The Federal Bureau of Investigation (FBI) culminated its first large-scale Foreign Corrupt Practices Act (FCPA) sting operation on January 19, 2010 with the arrest of 22 executives and employees of companies in the military and law enforcement products industries, most of whom were attending a trade show in Las Vegas, Nevada.
Prior to the arrests, in December 2009, a federal grand jury sitting in the District of Columbia returned 16 sealed indictments charging each of the arrestees with conspiracy to violate the FCPA and conspiracy to commit money laundering, as well as substantive violations of the FCPA. The indictments also seek forfeiture of the defendants’ ill gotten gains from the alleged conduct.
The charges of FCPA conspiracy and substantive violations carry maximum penalties of five years in prison. The conspiracy to commit money laundering charge carries a maximum penalty of 20 years. In addition to possible imprisonment, the charges carry significant criminal fines.
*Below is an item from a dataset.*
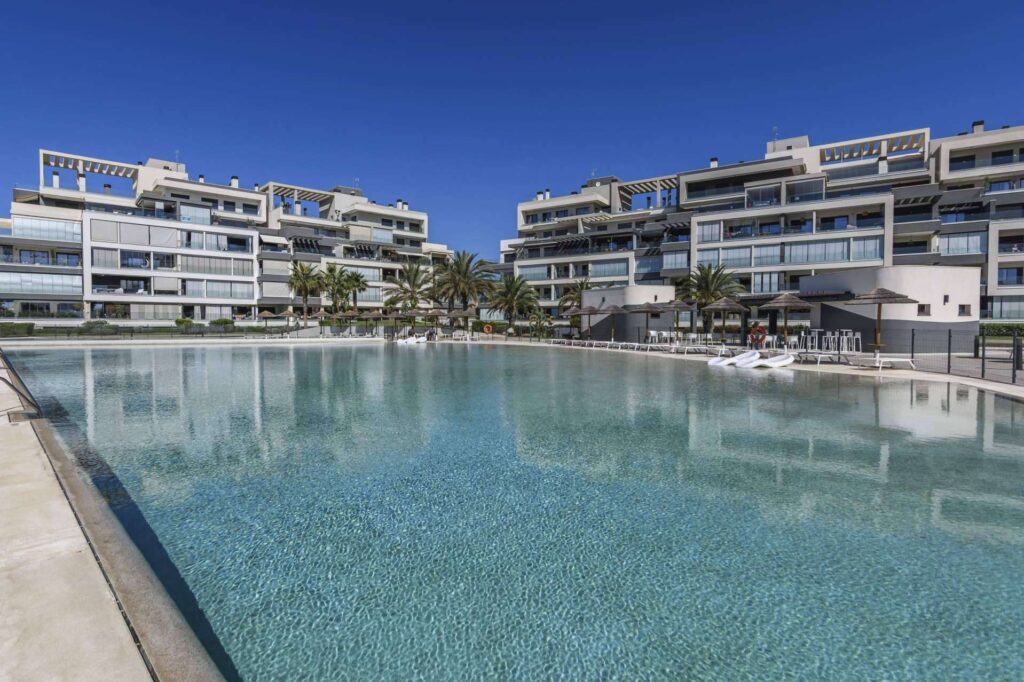 Solmares amplía su oferta de alquiler vacacional con nuevos apartamentos en primera línea de playa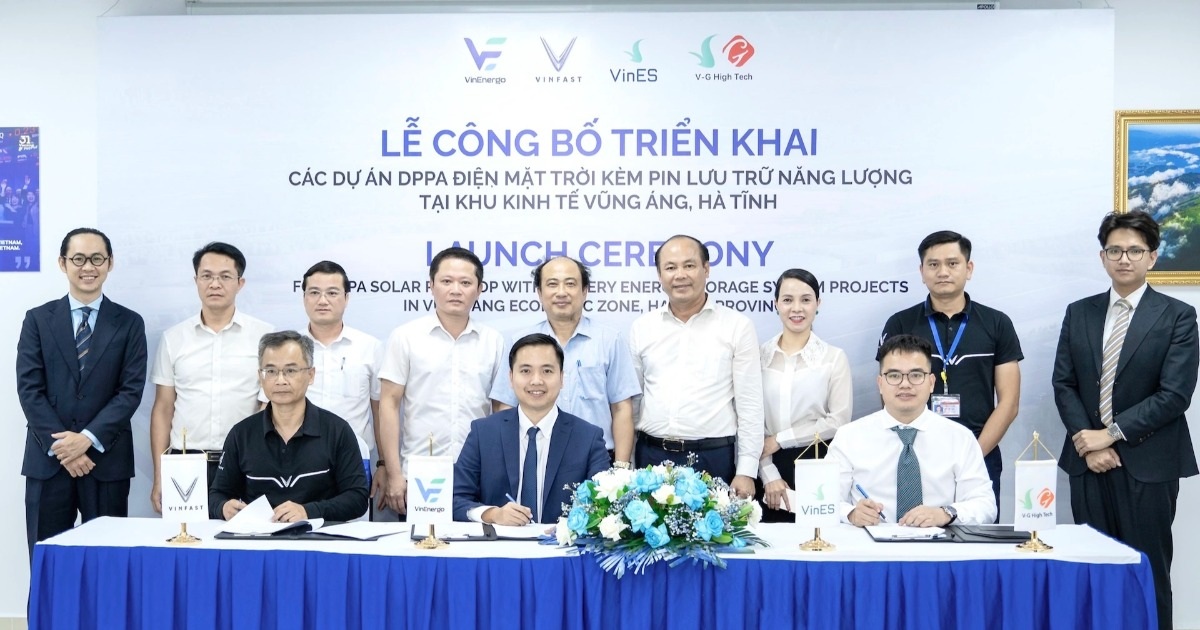 VinEnergo triển khai các dự án điện mặt trời kèm pin lưu trữ VinEnergo triển khai các dự án điện mặt trời kèm pin lưu trữ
The indictments charge the defendants with planning to bribe a “minister of defense” of an African country. The Department of Justice (DOJ) further alleges that the defendants agreed to pay a 20 percent “commission” to a “sales agent” – half of which would go to the “minister of defense” – to assure the defendants would win portions of a US$15 million deal to equip the African country’s presidential guard. The DOJ also alleges that defendants agreed to create two price quotes for the deal: one that represented the actual value of the deal’s goods and another that represented the goods’ actual value plus the 20 percent commission. In reality, the purported sales agent was an undercover FBI agent.
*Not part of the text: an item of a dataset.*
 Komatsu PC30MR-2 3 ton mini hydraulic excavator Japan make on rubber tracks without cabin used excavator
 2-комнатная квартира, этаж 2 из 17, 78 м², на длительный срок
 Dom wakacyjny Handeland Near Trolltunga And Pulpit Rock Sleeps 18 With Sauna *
Several aspects of this undercover sting operation are noteworthy.
- It represents the first time that the government has used to such a broad extent covert law enforcement techniques in an FCPA investigation. During the past couple of years the DOJ has publicly warned that it was employing techniques in FCPA investigations that included undercover operations, wire taps and confidential informants. This case demonstrates the truth of those warnings.
- According to the DOJ, the arrests are part of “the largest single investigation and prosecution against individuals in the history of the DOJ’s enforcement of the FCPA.” (DOJ Press Release, January 19, 2009) The investigation, the DOJ reports, is ongoing and may result in additional indictments and arrests.
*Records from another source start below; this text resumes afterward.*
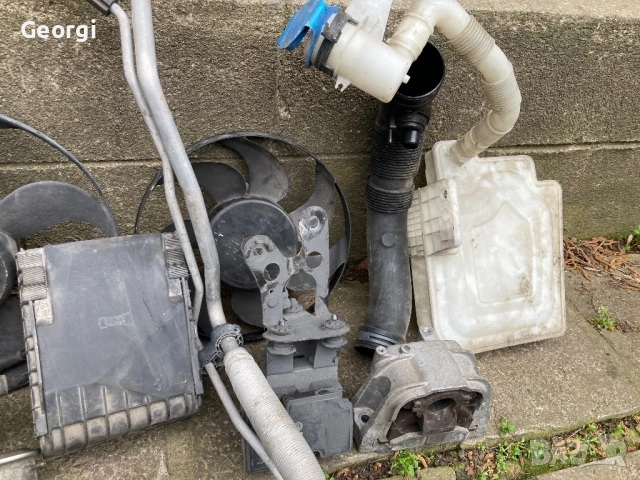 Останали Части Audi A3 8P 1.6 VW Стартер Помпа, снимка 4 - Части - 54059252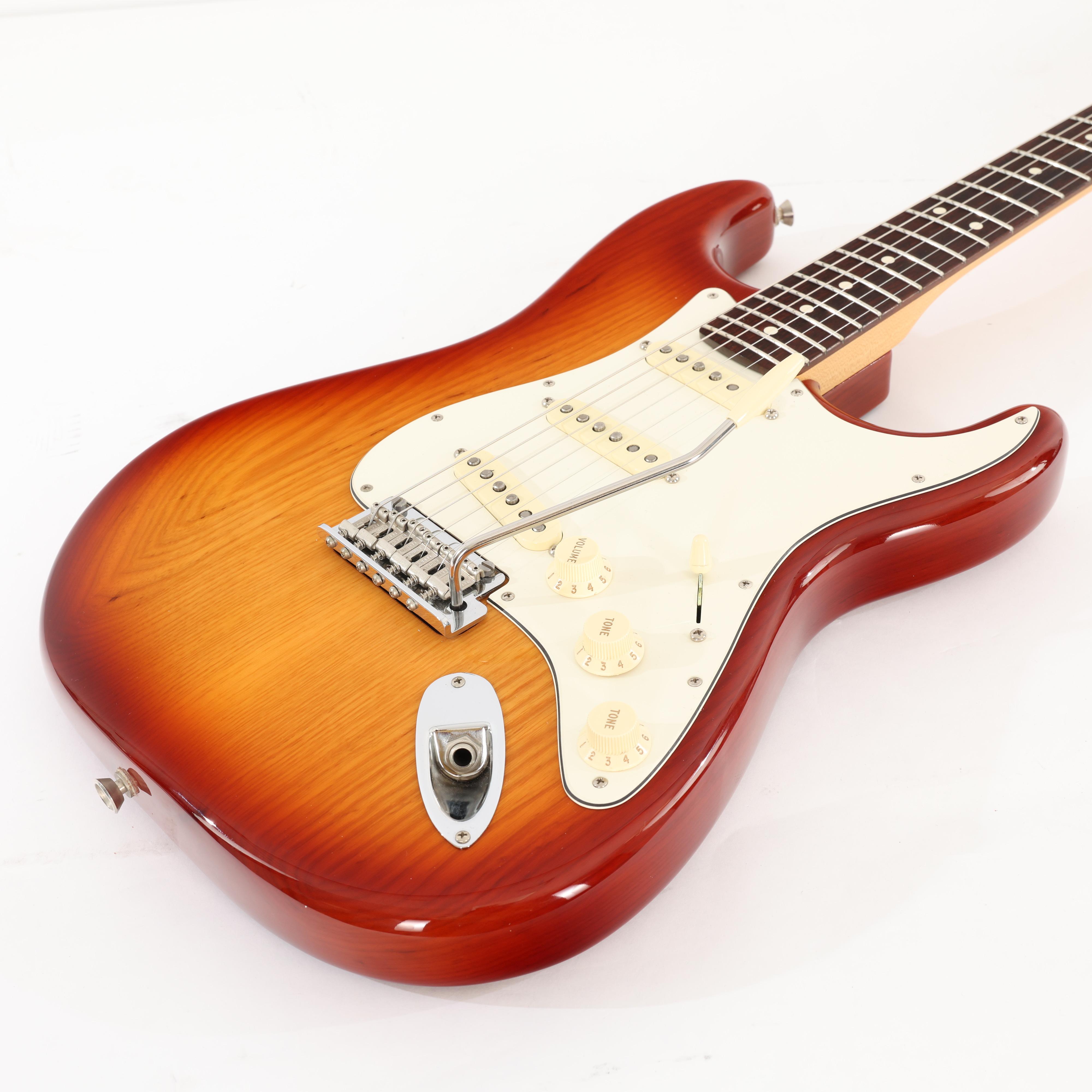 Second Hand Fender American Pro Stratocaster Rosewood Fretboard Sienna Sunburst 355 - SH-122-1355 (5).jpg
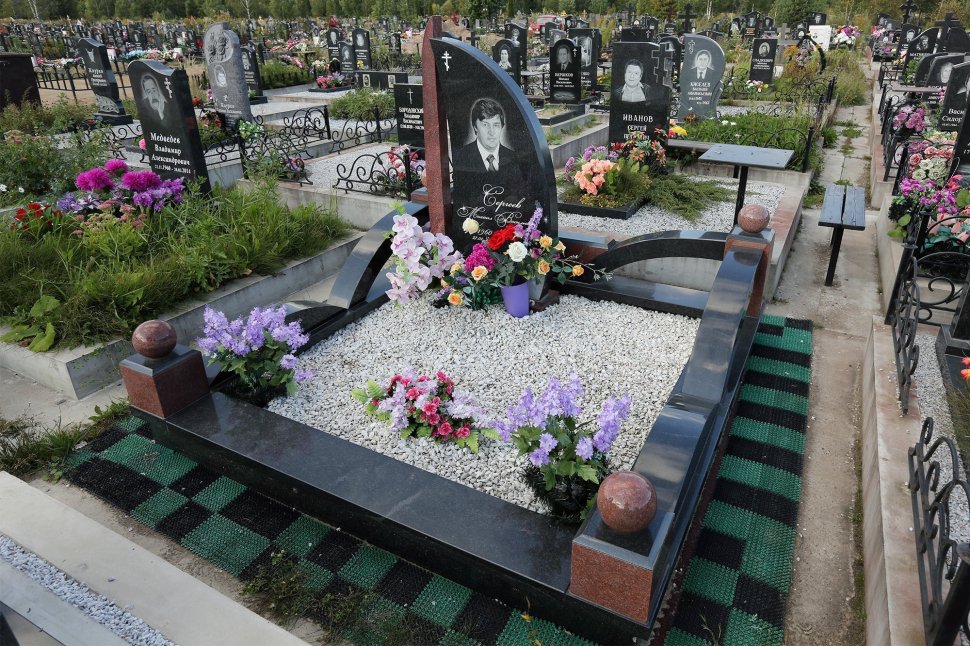 Мемориальный комплекс с памятником в форме парусника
- The multi-agency coordination involved in the investigation illustrates the DOJ’s continuing anti-corporation enforcement cooperation with its law enforcement brethren domestically and overseas. Approximately 150 FBI agents executed 14 search warrants across the United States while the United Kingdom’s City of London Police executed seven additional search warrants.
- The indictments and arrests also are exemplars of yet another industry-wide FCPA investigation, similar to those underway in the pharmaceutical, medical device, and oil and gas industries. Industry-wide investigations allow the government to benefit from quickly reaching a high point of an industry learning curve. Once the government understands how an industry operates – and is most likely to become involved in violations of the FCPA – it can more efficiently marshal its resources and utilize that knowledge on the next targeted individuals and companies within that industry. This reduced case-by-case learning curve shortens the time it takes the DOJ to assemble its next prosecutable case.
The best way for companies to avoid becoming victims of an undercover sting operation is to implement, train, enforce and audit a robust and proactive FCPA compliance plan. Such a plan includes procedures that:
- instruct company personnel concerned regarding the principles and provisions of the FCPA;
- train for the appropriate response to circumstances where bribes may be solicited or thought to be “necessary”; and
- illustrate what can happen when the statute is violated.
Effective compliance plans must be designed to detect and prevent illegal activity – preferably before the government does. This requires effective due diligence when engaging third-parties (such as sales agents, consultants and distributors).
Remember, what happens in Vegas does not stay in Vegas when the DOJ is involved.